I ran the curl command from the readme to create the aliases in my .zshrc. When I run glue pytest I get the error, "Exception: Java gateway process exited before sending its port number".

The issue seems to be with a Pytest fixture I have for SparkContext. I have two fixtures for Spark objects that I got from this blog post. They both work with a local PySpark install and local OpenJDK install on my machine.

I have a suite of tests that run using aforementioned local install of PySpark & OpenJDK. I'd like to use your Docker image to run the tests on CircleCI, and also to enable other developers to run my tests without the headache of setting up Spark and OpenJDK locally.

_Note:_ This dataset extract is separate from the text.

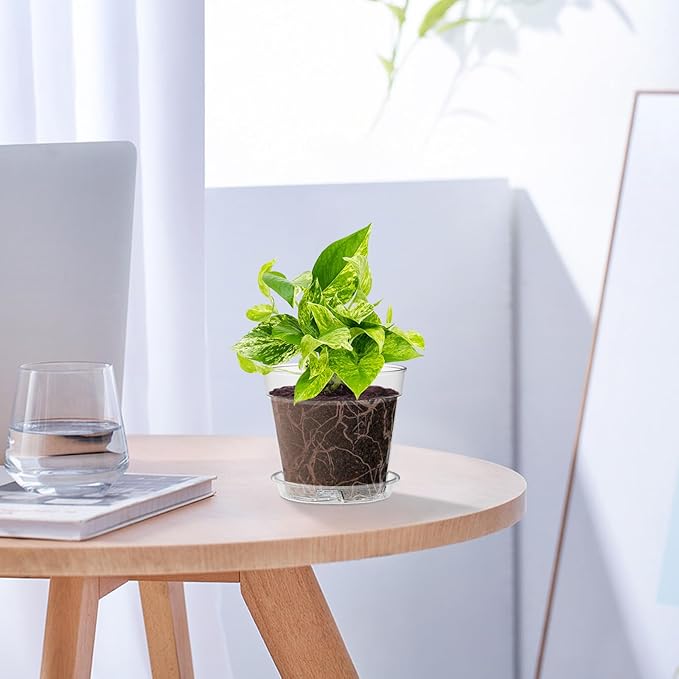 4 Inch Clear Nursery Pots, Set of 8 Transparent Plant Flower Pots for Small Indoor Plants with Drainage Holes & Trays, Plastic Seedling Starter Pots for Various Plants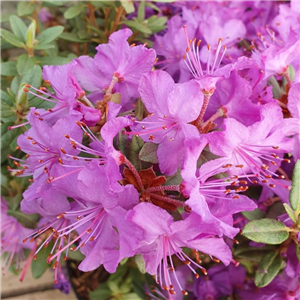 Rhododendron Blue Silver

The complete error output is:

_________________________________________________________________________________ ERROR at setup of test_filter_report_by_org_list _________________________________________________________________________________

request = <SubRequest 'sc' for <Function test_compose_fully_qualified_table_name>>

    @pytest.fixture(scope="session", name="sc")
    def spark_context(request):
        """ fixture for creating a Spark context
        Args:
            request: pytest.FixtureRequest object
        """
        spark_conf = (SparkConf().setMaster("local[*]").setAppName("sparta-monthly-reports"))
>       sc = SparkContext(conf=spark_conf)

tests/conftest.py:22:
_ _ _ _ _ _ _ _ _ _ _ _ _ _ _ _ _ _ _ _ _ _ _ _ _ _ _ _ _ _ _ _ _ _ _ _ _ _ _ _ _ _ _ _ _ _ _ _ _ _ _ _ _ _ _ _ _ _ _ _ _ _ _ _ _ _ _ _ _ _ _ _ _ _ _ _ _ _ _ _ _ _ _ _ _ _ _ _ _ _ _ _ _ _ _ _ _ _ _ _ _ _ _ _ _ _
/opt/spark-2.4.3-bin-spark-2.4.3-bin-hadoop2.8/python/pyspark/context.py:133: in __init__
    SparkContext._ensure_initialized(self, gateway=gateway, conf=conf)
/opt/spark-2.4.3-bin-spark-2.4.3-bin-hadoop2.8/python/pyspark/context.py:316: in _ensure_initialized
    SparkContext._gateway = gateway or launch_gateway(conf)
/opt/spark-2.4.3-bin-spark-2.4.3-bin-hadoop2.8/python/pyspark/java_gateway.py:46: in launch_gateway
    return _launch_gateway(conf)
_ _ _ _ _ _ _ _ _ _ _ _ _ _ _ _ _ _ _ _ _ _ _ _ _ _ _ _ _ _ _ _ _ _ _ _ _ _ _ _ _ _ _ _ _ _ _ _ _ _ _ _ _ _ _ _ _ _ _ _ _ _ _ _ _ _ _ _ _ _ _ _ _ _ _ _ _ _ _ _ _ _ _ _ _ _ _ _ _ _ _ _ _ _ _ _ _ _ _ _ _ _ _ _ _ _

conf = <pyspark.conf.SparkConf object at 0x7f54a3e83b70>, insecure = False

    def _launch_gateway(conf=None, insecure=False):
        """
        launch jvm gateway
        :param conf: spark configuration passed to spark-submit
        :param insecure: True to create an insecure gateway; only for testing
        :return: a JVM gateway
        """
        if insecure and os.environ.get("SPARK_TESTING", "0") != "1":
            raise ValueError("creating insecure gateways is only for testing")
        if "PYSPARK_GATEWAY_PORT" in os.environ:
            gateway_port = int(os.environ["PYSPARK_GATEWAY_PORT"])
            gateway_secret = os.environ["PYSPARK_GATEWAY_SECRET"]
        else:
            SPARK_HOME = _find_spark_home()
            # Launch the Py4j gateway using Spark's run command so that we pick up the
            # proper classpath and settings from spark-env.sh
            on_windows = platform.system() == "Windows"
            script = "./bin/spark-submit.cmd" if on_windows else "./bin/spark-submit"
            command = [os.path.join(SPARK_HOME, script)]
            if conf:
                for k, v in conf.getAll():
                    command += ['--conf', '%s=%s' % (k, v)]
            submit_args = os.environ.get("PYSPARK_SUBMIT_ARGS", "pyspark-shell")
            if os.environ.get("SPARK_TESTING"):
                submit_args = ' '.join([
                    "--conf spark.ui.enabled=false",
                    submit_args
                ])
            command = command + shlex.split(submit_args)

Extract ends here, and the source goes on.